To wydarzenie zupełnie zmieniło jego życie. Z walczącego o dziecko ojca, stał się człowiekiem, który sam potrzebował pomocy. Z pracowitego i zaradnego mężczyzny, zmienił się w bezradnego inwalidę zdanego na łaskę budżetu państwa. Choroba zaatakowała niespodziewanie i wywróciła wszystko do góry nogami. Musiał zrezygnować z pracy, ma trudności z poruszaniem. Jak mówi żona Pana Andrzeja –mąż to człowiek wyjątkowo aktywny i pracowity. Strasznie leży mu na sercu los rodziny a przeświadczenie, że z dnia na dzień stał się ciężarem, pogrąża go w bezradności, której całe życie unikał.
Mieszkanie na drugim piętrze stało się twierdzą nie do zdobycia. Jak w ten sposób wypełniać rolę głowy rodziny, kiedy nie można o własnych siłach wyjść z domu? –Wierzę, że dzięki dopasowanej protezie będę mógł wrócić do pracy, czuć się potrzebny. A jak Pan Andrzej pracuje, to głośno o nim w całym zakładzie. Zawsze miły, budzący zaufanie i oddany temu, co robi. –Wszyscy tam na mnie czekają, podkreśla. Niech siedzi w domu i zwolni miejsce młodym, powiedzą złośliwi. Swoje już przeżył. –Tylko że młodzi nie chcą pracować, a ja mam Macieja, któremu jestem potrzebny.

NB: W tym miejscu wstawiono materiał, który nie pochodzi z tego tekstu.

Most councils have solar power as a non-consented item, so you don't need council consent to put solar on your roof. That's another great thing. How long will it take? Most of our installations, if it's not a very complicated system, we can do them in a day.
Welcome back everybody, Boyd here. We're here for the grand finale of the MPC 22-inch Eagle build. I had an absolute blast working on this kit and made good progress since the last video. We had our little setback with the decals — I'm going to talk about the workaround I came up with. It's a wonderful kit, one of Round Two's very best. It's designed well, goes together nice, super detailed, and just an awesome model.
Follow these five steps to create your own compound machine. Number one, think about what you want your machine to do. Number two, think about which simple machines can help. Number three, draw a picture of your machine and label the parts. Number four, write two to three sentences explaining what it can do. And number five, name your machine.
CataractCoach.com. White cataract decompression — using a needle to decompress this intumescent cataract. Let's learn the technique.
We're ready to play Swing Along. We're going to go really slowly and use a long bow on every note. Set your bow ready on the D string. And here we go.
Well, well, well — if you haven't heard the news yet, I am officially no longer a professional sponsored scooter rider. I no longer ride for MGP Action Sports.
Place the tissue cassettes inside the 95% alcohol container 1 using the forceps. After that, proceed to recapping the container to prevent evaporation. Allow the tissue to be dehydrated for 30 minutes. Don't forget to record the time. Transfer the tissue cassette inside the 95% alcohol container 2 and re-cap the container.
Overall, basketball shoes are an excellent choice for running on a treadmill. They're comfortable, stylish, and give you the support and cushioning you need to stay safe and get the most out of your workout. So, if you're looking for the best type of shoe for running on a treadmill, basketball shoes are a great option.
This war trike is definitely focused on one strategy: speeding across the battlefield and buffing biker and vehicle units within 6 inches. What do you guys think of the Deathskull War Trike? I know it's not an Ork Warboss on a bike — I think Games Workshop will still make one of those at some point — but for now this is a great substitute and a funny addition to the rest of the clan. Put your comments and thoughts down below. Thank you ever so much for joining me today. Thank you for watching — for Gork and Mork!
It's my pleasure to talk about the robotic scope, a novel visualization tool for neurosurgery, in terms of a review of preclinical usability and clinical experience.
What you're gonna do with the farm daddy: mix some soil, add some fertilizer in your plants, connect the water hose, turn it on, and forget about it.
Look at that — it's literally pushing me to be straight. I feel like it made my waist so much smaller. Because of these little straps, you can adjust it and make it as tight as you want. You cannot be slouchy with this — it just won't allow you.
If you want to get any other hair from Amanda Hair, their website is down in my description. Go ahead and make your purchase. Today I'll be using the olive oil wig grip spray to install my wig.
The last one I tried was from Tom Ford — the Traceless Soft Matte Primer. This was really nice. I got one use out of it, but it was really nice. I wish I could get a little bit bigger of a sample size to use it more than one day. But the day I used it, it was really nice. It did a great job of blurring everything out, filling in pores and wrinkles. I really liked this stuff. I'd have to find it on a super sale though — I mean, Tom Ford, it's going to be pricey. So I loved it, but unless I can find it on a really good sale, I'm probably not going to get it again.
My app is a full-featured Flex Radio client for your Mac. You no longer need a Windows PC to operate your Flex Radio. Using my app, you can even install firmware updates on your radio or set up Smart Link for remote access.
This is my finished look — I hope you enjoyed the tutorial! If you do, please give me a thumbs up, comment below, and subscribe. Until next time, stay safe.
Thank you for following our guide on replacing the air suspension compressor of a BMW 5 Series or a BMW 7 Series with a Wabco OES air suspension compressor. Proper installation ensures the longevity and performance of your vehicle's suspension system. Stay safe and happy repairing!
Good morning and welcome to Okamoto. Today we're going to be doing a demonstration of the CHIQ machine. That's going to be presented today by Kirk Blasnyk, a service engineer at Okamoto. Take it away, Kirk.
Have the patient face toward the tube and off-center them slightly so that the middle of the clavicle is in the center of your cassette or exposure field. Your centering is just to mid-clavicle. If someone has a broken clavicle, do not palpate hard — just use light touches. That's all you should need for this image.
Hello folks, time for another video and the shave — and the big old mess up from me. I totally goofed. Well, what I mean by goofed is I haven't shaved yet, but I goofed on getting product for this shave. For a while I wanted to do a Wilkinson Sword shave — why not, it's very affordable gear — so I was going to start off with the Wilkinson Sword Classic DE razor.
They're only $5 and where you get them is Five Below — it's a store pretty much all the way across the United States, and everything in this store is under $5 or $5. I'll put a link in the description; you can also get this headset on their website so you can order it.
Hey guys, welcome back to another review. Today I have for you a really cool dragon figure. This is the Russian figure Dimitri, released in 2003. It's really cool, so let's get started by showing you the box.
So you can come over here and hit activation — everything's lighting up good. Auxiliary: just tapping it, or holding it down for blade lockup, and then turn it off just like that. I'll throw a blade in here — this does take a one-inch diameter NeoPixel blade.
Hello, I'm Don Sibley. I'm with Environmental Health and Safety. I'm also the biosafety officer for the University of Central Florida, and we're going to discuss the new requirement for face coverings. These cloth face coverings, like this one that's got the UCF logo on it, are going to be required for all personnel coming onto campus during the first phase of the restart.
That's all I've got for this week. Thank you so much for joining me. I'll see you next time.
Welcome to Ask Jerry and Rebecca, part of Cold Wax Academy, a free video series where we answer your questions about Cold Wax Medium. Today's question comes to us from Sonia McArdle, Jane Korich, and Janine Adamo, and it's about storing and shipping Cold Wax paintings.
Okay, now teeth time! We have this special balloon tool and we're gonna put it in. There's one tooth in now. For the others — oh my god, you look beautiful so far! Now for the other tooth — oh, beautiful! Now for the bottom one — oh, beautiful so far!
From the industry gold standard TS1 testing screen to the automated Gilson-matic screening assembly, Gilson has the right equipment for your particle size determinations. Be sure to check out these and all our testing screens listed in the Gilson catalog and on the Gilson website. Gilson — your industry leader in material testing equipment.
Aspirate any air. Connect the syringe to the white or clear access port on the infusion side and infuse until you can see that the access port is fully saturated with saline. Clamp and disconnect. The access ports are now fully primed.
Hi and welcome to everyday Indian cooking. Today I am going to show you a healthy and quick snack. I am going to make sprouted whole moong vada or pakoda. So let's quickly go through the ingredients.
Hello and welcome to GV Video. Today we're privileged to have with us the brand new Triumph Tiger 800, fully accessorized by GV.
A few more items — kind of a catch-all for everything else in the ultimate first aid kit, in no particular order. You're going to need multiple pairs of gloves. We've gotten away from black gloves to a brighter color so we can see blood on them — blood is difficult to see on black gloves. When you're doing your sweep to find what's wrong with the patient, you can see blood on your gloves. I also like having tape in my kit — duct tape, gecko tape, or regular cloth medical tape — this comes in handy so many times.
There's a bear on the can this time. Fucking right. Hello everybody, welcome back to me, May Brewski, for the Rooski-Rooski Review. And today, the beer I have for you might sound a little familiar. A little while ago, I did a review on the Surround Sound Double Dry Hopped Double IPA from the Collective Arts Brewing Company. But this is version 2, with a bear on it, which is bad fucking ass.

Syn Pana Andrzeja, Maciej jest od niego i jego małżonki całkowicie zależny. Urodził się jako dziecko opóźnione w rozwoju. Choruje na astmę oskrzelową, atopowe zapalenie skóry, przeszedł również ciężką operację przepukliny brzucha. Gdyby tego było mało, ma również skoliozę, jedną nogę krótszą o 2 cm, stwierdzono również chorobą Szermana oraz Leśniowskiego – jelita cienkiego i grubego. Wymaga całodobowej opieki drugiej osoby. Gdyby Pan Andrzej mógł się normalnie przemieszczać, chwyciłby jeszcze raz życie za rogi, bo nigdy się nie poddał i z tego jest znany. Ludzie w wieku naszego bohatera szykują się na spokojną emeryturę, zasłużony odpoczynek. On ma jednak inne priorytety i cele. Całe życie ciężko pracował i nigdy nie siedział na bezrobociu, mimo że mieszka w małej miejscowości, nie szuka wymówek. Gdy zdołał za własne pieniądze kupić pierwszą prowizoryczną protezę, próbował chodzić do pracy i przez pewien czas się udawało, jednak sprzęt nie wytrzymał takiej aktywności i po prostu się rozpadł.
Marzeniem Pana Andrzeja jest zakup protezy, która pozwoli mu powrócić do pracy, opiekować się synem, po prostu normalnie funkcjonować. Jest pogodzony ze swoim losem, ale czuje, że gdyby mógł stanąć na nogi, zrobiłby dużo dla swojej rodziny. Stracił nogę, ale zachował siły, zapał i wiarę w to, że jego życie się jeszcze nie skończyło. Koszt protezy, która przywróci go do sprawności znacząco przerasta jego możliwości. Padarujmy mu szanse, a on z pewnością ją dobrze wykorzysta.